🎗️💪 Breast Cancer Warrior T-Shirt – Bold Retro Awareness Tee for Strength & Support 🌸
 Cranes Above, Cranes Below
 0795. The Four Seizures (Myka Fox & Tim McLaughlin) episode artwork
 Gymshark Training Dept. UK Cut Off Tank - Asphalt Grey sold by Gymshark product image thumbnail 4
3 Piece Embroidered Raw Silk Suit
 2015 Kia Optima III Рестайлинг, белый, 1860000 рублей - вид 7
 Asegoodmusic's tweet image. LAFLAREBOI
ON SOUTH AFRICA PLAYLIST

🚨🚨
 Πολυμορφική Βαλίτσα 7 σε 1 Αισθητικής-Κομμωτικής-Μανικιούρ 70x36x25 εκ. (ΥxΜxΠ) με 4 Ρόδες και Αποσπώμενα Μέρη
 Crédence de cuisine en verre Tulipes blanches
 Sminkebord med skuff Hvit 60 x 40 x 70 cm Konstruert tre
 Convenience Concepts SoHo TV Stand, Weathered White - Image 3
━━━━━━━━━━━━━━━━
Retype, without changes, the lines from the line holding "Πολυμορφική Βαλίτσα 7" to the end of the data, both ends included.

**ANSWER SECTION**.
 Πολυμορφική Βαλίτσα 7 σε 1 Αισθητικής-Κομμωτικής-Μανικιούρ 70x36x25 εκ. (ΥxΜxΠ) με 4 Ρόδες και Αποσπώμενα Μέρη
 Crédence de cuisine en verre Tulipes blanches
 Sminkebord med skuff Hvit 60 x 40 x 70 cm Konstruert tre
 Convenience Concepts SoHo TV Stand, Weathered White - Image 3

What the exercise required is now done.